Working capital changes can cause FCFF to swing dramatically even when the underlying business is stable. The key is distinguishing between temporary swings and structural shifts.
FCFF Formula:
> FCFF = NI + NCC + Int(1-T) - FCInv - WCInv
Where WCInv = Change in non-cash working capital = ΔCurrent Assets (ex-cash) - ΔCurrent Liabilities
Example — Kingsfield Distribution (fictional):
| Item | Year 1 | Year 2 | Year 3 |
|---|---|---|---|
| Net income | $50M | $55M | $60M |
| Depreciation | $15M | $16M | $17M |
| CapEx | $20M | $22M | $24M |
| ΔInventory | +$5M | +$40M | -$25M |
| ΔReceivables | +$3M | +$15M | +$5M |
| ΔPayables | +$2M | +$8M | +$3M |
| WCInv | $6M | $47M | -$13M |
| FCFF | $39M | $2M | $66M |
Notice FCFF drops to $2M in Year 2 due to the $47M working capital build (Kingsfield stocked up on inventory for a major contract). In Year 3, the inventory unwinds and FCFF spikes.
Normalization Approaches:
- Multi-Year Average: Average WCInv over 3-5 years to smooth cyclical swings. Here, average WCInv = ($6M + $47M - $13M) / 3 = $13.3M per year.

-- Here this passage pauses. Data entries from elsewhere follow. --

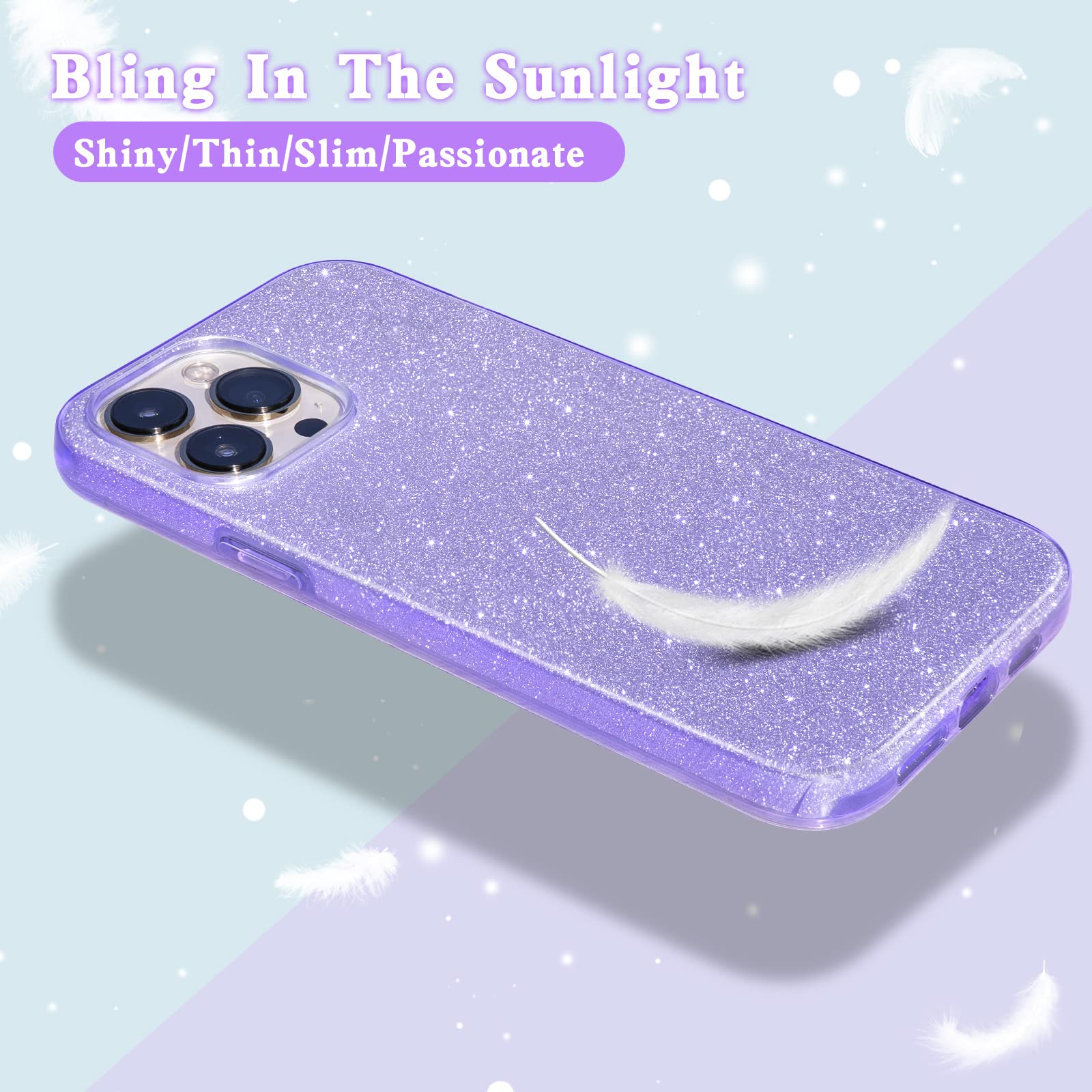 MATEPROX iPhone 13 Pro Bling Sparkle Protective Case TPU Purple 6.1 inch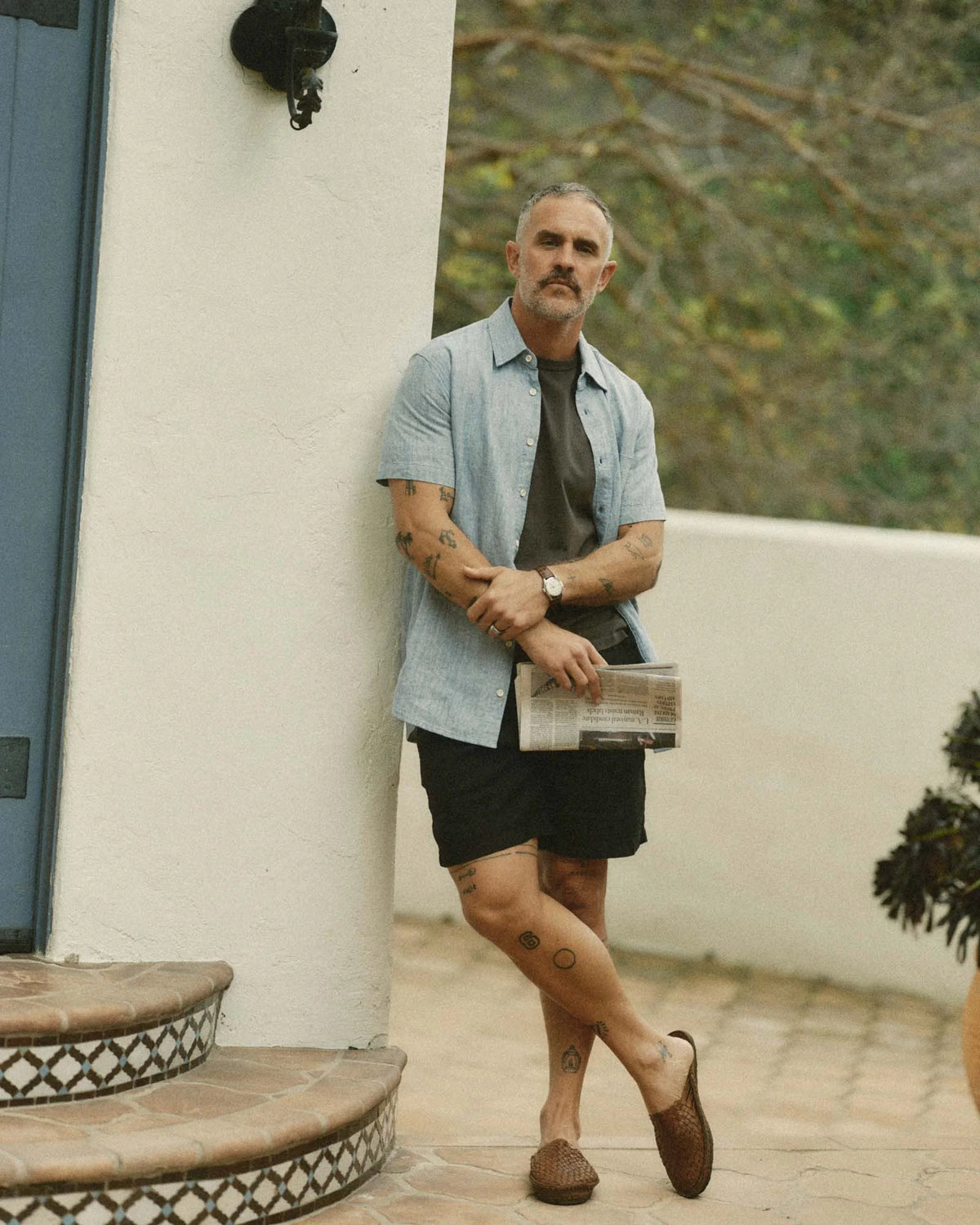 The Short Sleeve California in Sky Hemp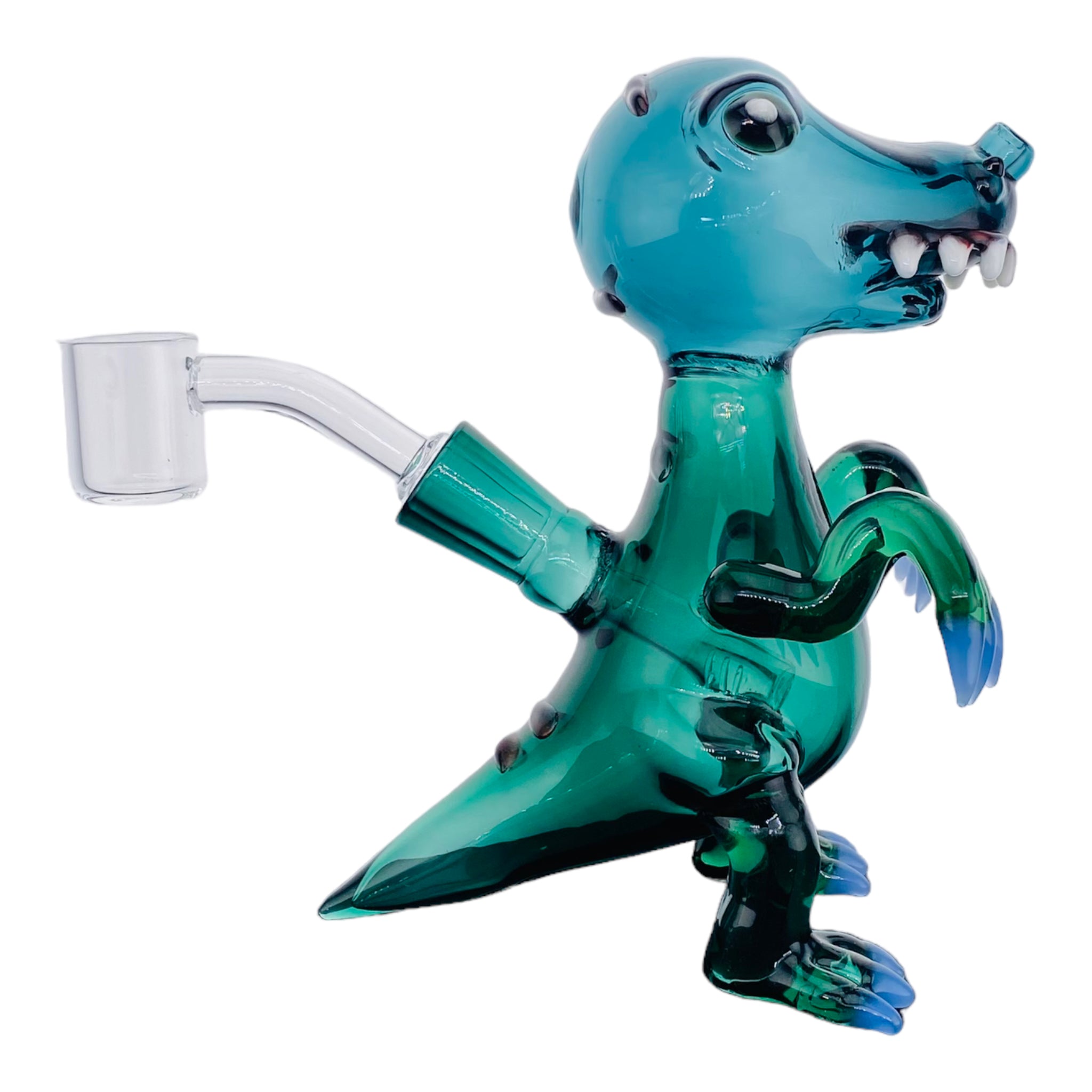 cute girly Green And Blue Dinosaur Dab Rig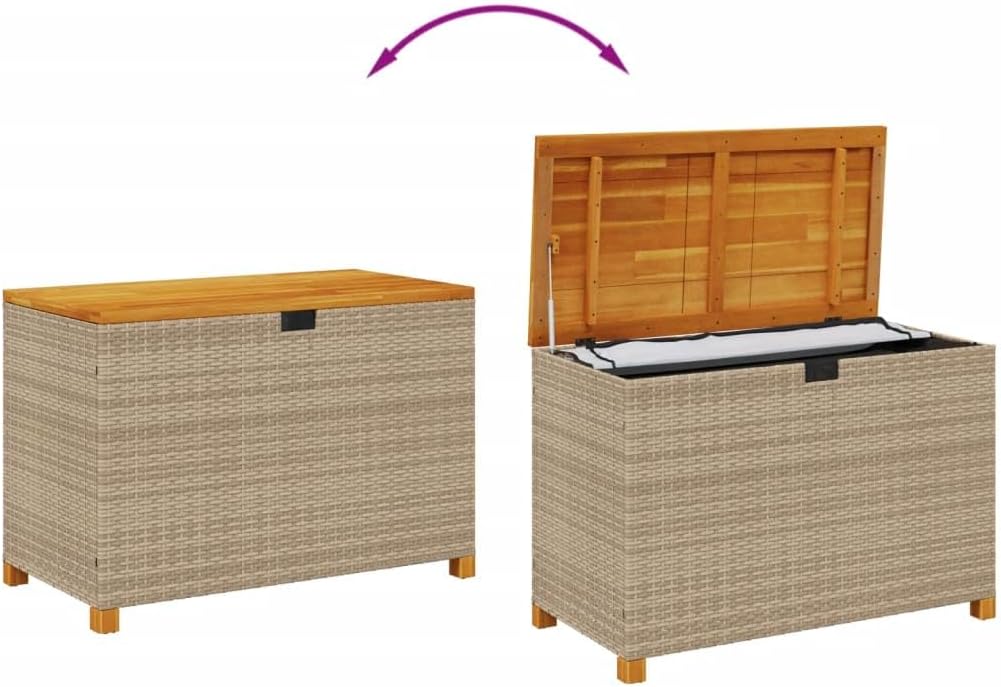 Patio Storage Box, Deck Box Organization and Storage, Deck Storage Container Box for Patio Furniture,Outdoor Cushions, Pool Supplies, Beige 43.3"x21.7"x24.8" Poly Rattan Acacia Wood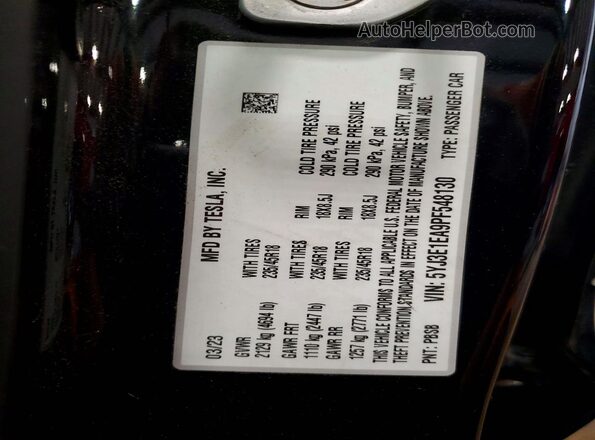 5YJ3E1EA9PF548130 2023 TESLA MODEL Black VIN կոդի պիտակի տեսք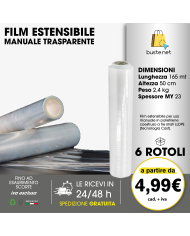 FILM ESTENSIBILE MANUALE TRASPARENTE - 6 ROTOLI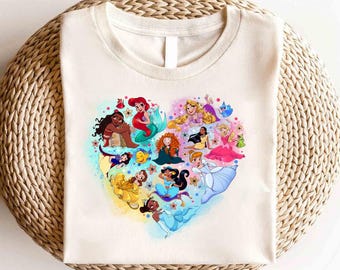 Disney Princess Watercolor Heart Shirt,Disney Princess Shirt,Princess Gift, Disney Girls Trip Shirt,Water Color Disney Princess Painting Tee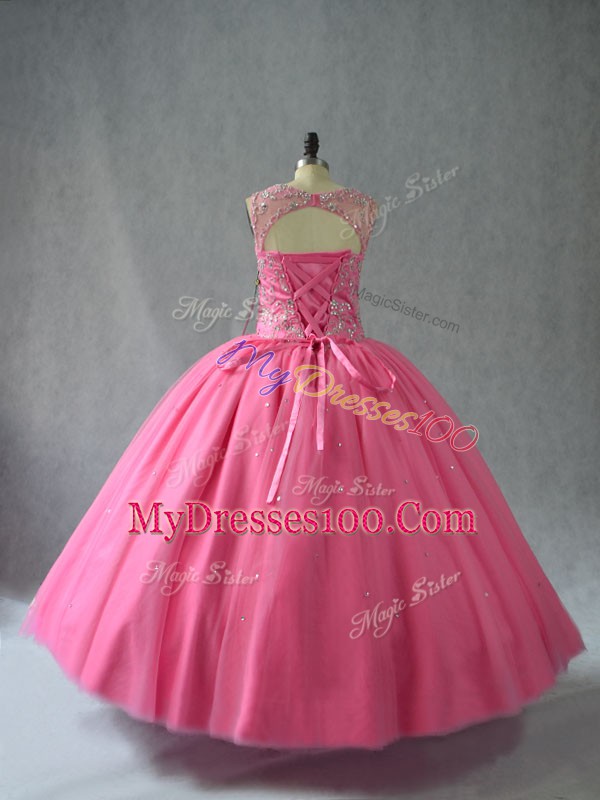 Traditional Sleeveless Beading and Appliques Lace Up Sweet 16 Quinceanera Dress
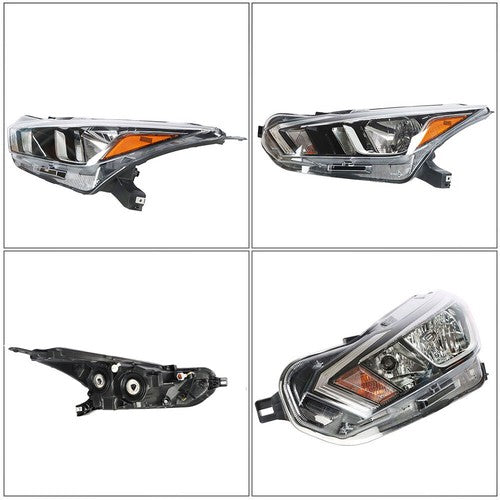 DURAFORCE Pair Headlights Assembly Set Fit Clear Lens Chrome For Nissan Versa 2020-2021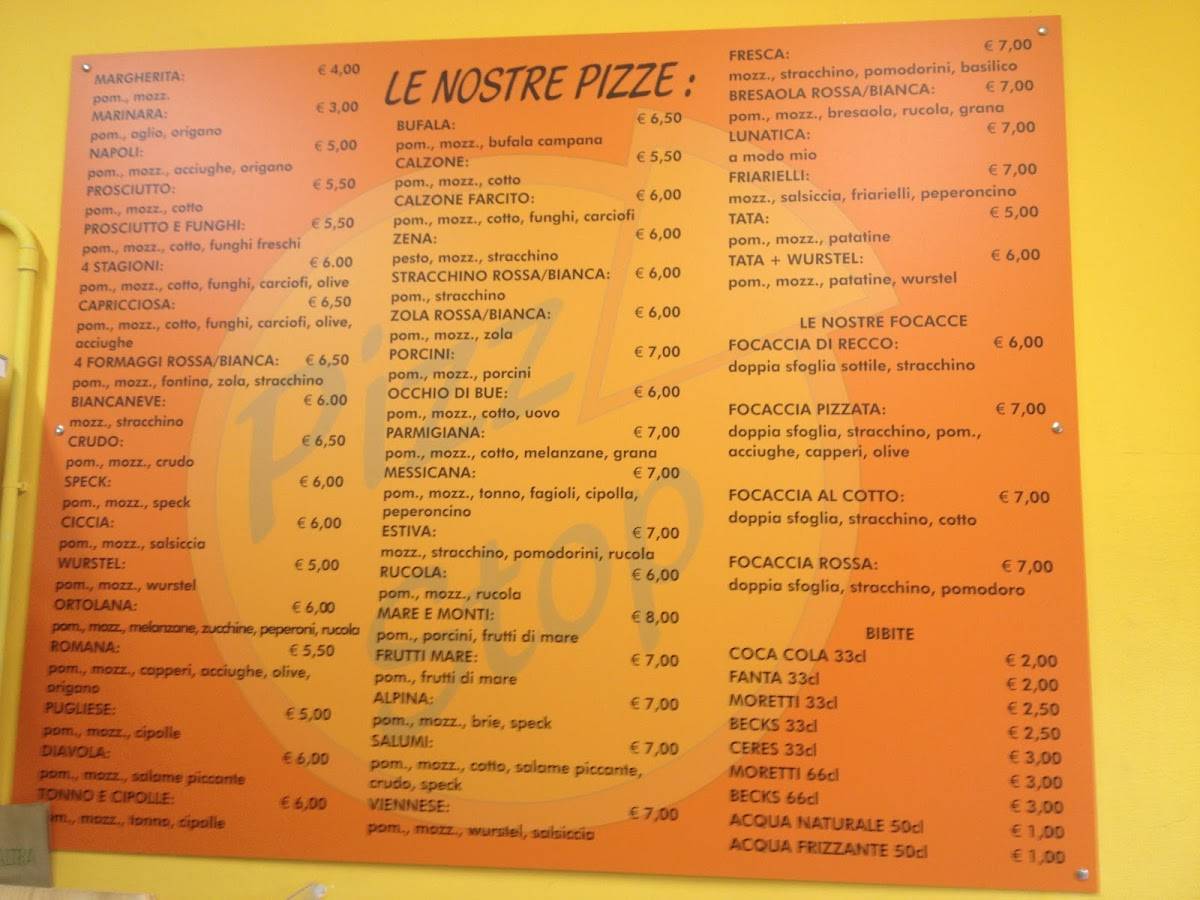 Menu di Pizz Stop Pizzeria da asporto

- WC-to-Revenue Ratio: Project WCInv as a percentage of revenue growth. If historically WC/Revenue is 12%, apply that to projected revenue increases.
- Separate One-Time Items: If the Year 2 build is a one-time contract preparation, exclude it from the normalized projection but account for the cash impact in your explicit forecast period.
Normalized FCFF (using average WCInv = $13.3M):
- Year 1: $50M + $15M - $20M - $13.3M = $31.7M
- Year 2: $55M + $16M - $22M - $13.3M = $35.7M
- Year 3: $60M + $17M - $24M - $13.3M = $39.7M
Much smoother and more useful for valuation.
Exam Tip: CFA Level II vignettes often present volatile working capital to test whether you can normalize cash flows appropriately. Always state your normalization assumption explicitly.